You are viewing a plain text version of this content. The canonical link for it is here.
Posted to mapreduce-user@hadoop.apache.org by psdc1978 <ps...@gmail.com> on 2010/05/18 19:01:22 UTC
Trying to relate a split file to a input file
Hi,
I'm study the MapReduce code, and I've the following questions:
1 - I'm running the wordcount example. I've 3 txt files as input. Each txt
file is about 120Mb.
During the execution of the map tasks, a number of map tasks will read the
txt files. Each file is divided in split files. I would like to know to each
txt file corresponds a split.
For example, for the A.txt file, it will be created 2 splits (split0 and
split1) of 64Mb each. I would like to know that split0 and split1 belongs to
A.txt.
Is it possible? If I've to do some code, is there any object that contains
this data?
2 -
The Job task uses a job.split file. What contains this file and what is the
purpose of this file?
Thanks,
--
PSC
Re: Trying to relate a split file to a input file
Posted by psdc1978 <ps...@gmail.com>.
I don't think that the workcount example uses FileSplit class. Only the
MultithreadedMapper class uses FileSplit and I can't find an example where
it's invoked.
Where is the setup() method?
On Tue, May 18, 2010 at 6:50 PM, Wilkes, Chris <cw...@gmail.com> wrote:
> In your setup() look at context.getInputSplit(), this will be a FileSplit
> in your case. From there you can do a getPath() to see the both the
> directory structure and the split value.
>
>
> On May 18, 2010, at 10:01 AM, psdc1978 wrote:
>
> Hi,
>>
>> I'm study the MapReduce code, and I've the following questions:
>>
>> 1 - I'm running the wordcount example. I've 3 txt files as input. Each txt
>> file is about 120Mb.
>>
>> During the execution of the map tasks, a number of map tasks will read the
>> txt files. Each file is divided in split files. I would like to know to each
>> txt file corresponds a split.
>> For example, for the A.txt file, it will be created 2 splits (split0 and
>> split1) of 64Mb each. I would like to know that split0 and split1 belongs to
>> A.txt.
>> Is it possible? If I've to do some code, is there any object that contains
>> this data?
>>
>> 2 -
>> The Job task uses a job.split file. What contains this file and what is
>> the purpose of this file?
>>
>> Thanks,
>>
>> --
>> PSC
>>
>
>
--
Pedro
Re: Trying to relate a split file to a input file
Posted by "Wilkes, Chris" <cw...@gmail.com>.

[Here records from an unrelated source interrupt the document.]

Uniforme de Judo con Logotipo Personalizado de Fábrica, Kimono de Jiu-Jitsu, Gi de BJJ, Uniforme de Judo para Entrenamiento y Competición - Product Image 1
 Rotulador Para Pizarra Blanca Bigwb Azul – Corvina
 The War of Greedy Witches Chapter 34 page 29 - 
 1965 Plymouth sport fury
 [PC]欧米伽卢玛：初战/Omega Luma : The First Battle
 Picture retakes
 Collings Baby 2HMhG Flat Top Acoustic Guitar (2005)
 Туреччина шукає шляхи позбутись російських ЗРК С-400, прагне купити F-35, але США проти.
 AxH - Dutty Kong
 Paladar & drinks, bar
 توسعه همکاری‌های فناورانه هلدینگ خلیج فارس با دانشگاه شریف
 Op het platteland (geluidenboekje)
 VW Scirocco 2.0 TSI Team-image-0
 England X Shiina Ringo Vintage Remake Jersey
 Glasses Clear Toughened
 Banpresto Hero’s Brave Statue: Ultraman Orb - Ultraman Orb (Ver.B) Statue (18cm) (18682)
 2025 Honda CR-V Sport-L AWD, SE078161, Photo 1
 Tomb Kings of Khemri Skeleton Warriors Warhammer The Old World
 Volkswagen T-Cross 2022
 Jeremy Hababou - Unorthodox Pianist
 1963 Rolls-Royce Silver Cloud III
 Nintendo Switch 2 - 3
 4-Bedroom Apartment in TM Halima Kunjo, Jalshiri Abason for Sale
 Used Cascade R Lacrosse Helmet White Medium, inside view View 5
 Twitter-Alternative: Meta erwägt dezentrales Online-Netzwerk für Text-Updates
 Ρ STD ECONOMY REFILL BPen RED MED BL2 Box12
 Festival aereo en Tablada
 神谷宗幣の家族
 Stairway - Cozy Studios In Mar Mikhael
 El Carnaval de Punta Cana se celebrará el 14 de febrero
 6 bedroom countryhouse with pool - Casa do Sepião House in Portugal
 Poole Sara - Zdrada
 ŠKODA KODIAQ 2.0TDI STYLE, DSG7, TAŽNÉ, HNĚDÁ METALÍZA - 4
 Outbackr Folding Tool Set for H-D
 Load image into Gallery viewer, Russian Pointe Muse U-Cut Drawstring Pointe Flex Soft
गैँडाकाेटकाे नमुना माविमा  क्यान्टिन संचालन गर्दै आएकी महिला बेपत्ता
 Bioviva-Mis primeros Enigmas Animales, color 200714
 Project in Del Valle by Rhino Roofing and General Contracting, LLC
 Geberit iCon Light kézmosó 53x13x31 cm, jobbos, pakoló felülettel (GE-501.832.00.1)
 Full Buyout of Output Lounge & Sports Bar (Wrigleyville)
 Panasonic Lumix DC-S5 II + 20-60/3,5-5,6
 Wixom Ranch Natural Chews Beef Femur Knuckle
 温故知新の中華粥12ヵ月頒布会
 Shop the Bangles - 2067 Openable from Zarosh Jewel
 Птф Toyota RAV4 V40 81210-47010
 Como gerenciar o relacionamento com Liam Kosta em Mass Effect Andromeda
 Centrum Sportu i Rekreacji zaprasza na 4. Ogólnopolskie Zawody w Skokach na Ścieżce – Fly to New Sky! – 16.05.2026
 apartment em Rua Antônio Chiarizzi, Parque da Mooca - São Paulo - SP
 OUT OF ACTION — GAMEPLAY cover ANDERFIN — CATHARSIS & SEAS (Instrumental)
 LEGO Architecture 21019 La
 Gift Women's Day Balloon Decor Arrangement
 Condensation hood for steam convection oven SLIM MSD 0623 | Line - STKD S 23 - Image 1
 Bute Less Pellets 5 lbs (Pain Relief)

In your setup() look at context.getInputSplit(), this will be a
FileSplit in your case. From there you can do a getPath() to see the
both the directory structure and the split value.
On May 18, 2010, at 10:01 AM, psdc1978 wrote:
> Hi,
>
> I'm study the MapReduce code, and I've the following questions:
>
> 1 - I'm running the wordcount example. I've 3 txt files as input.
> Each txt file is about 120Mb.
>
> During the execution of the map tasks, a number of map tasks will
> read the txt files. Each file is divided in split files. I would
> like to know to each txt file corresponds a split.
> For example, for the A.txt file, it will be created 2 splits (split0
> and split1) of 64Mb each. I would like to know that split0 and
> split1 belongs to A.txt.
> Is it possible? If I've to do some code, is there any object that
> contains this data?
>
> 2 -
> The Job task uses a job.split file. What contains this file and what
> is the purpose of this file?
>
> Thanks,
>
> --
> PSC